Tim Kabupaten: Kolaborasi Birokrasi & Pergerakan Santitasi

TIM STBM KABUPATEN: UPAYA KOLABORASI BIROKRASI DAN PERGERAKAN SANITASI

Sebagai pemegang kunci kegiatan, pemerintah kabupaten menyiapkan tim khusus: Tim Pembina dan Tim Teknis Sanitasi Total Berbasis Masyarakat. Kedua tim inilah yang bertanggung jawab atas pelaksanaan berbagai kegiatan terkait STBM hingga proses replikasi dan keberlanjutannya. Tim pembina, di bawah koordinator Kepala Bappeda Lotim, lebih banyak bertindak sebagai pengarah kegiatan dan mengawal kebijakan termasuk yang terkait anggaran. Bagaimana dengan tim teknis? Tim inilah yang menjadi fasilitator utama kegiatan-kegiatan STBM di kecamatan.

Tim teknis terdiri atas 8 orang PNS yang dipilih oleh Kepala Dinasnya masing-masing (Dinas Kesehatan, BPMPD, dan Bappeda).

Tugas utama mereka antara lain melatih dan mendorong tim STBM 5 Pilar Kecamatan mewujudkan target SEHATI di Kecamatan dan Desa. Sejauh ini YMP sudah membekali mereka penguatan kapasitas terkait kefasilitatoran dan public speaking. Penguatan dilakukan juga secara “on the job training”. Sebagaimana dituturkan Ellena, setiap kali selesai pertemuan dengan Tim Kecamatan, reviu digelar dan YMP memberikan masukan teknis bagi kedelapan fasilitator kabupaten ini.

Kolaborasi lintas sektor dan dilakukan secara berjenjang inilah yang menjadikan dr. Akmal Kurnia, Tim Pembina SEHATI, merasa sangat optimis target SEHATI dapat terwujud.

“Secara konsep, SHAW dan SEHATI sama. Namun secara pendekatan, berbeda,” Katanya. Dokter yang juga Ketua KNPI Lombok Timur ini menegaskan apa yang dilakukan YMP melalui SEHATI merupakan kolaborasi birokrasi dengan pergerakan.

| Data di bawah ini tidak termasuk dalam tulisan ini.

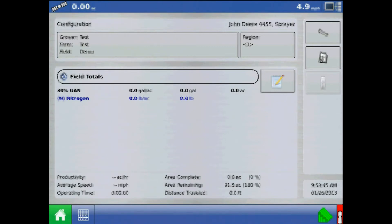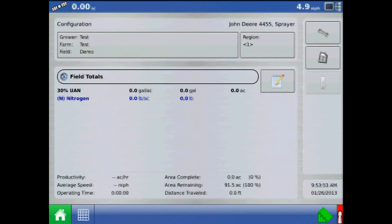We calculate minimum flow by taking the number of spray tips on the boom and multiplying that by the minimum capacity of one nozzle per the manufacturer's tip chart. Specifications can be based either on minimum or desired droplet size such as fine, medium, or coarse.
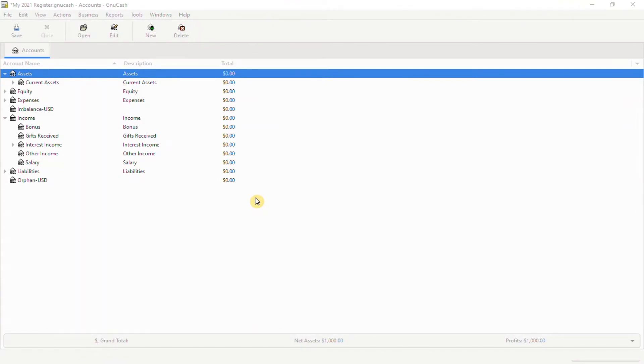Hello, welcome back to my channel. In this video, I'm going to show you how to create split transactions in GNU Cash 4.4.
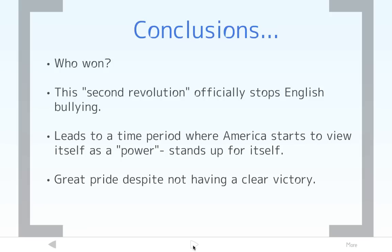After this, the United States starts to stand up for itself not just with England but with the rest of the world as well. The main thing that comes out of the War of 1812 is a great pride knowing that the United States can stand up to a country like England. That is it for the War of 1812, and we'll talk a little bit more about some of the important parts of this in class tomorrow.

Di sisi lain, ia juga menyadari bukan hal mudah mewujudkan konsep STBM melalui birokrasi sekalipun sistemnya sudah terbangun lengkap (Baca: Peluang Dan Tantangan Bekerja Bersama Birokrat). Meski demikian, dokter muda ini lumayan terkejut melihat antusiasme para kepala puskesmas di wilayahnya dalam merespon SEHATI.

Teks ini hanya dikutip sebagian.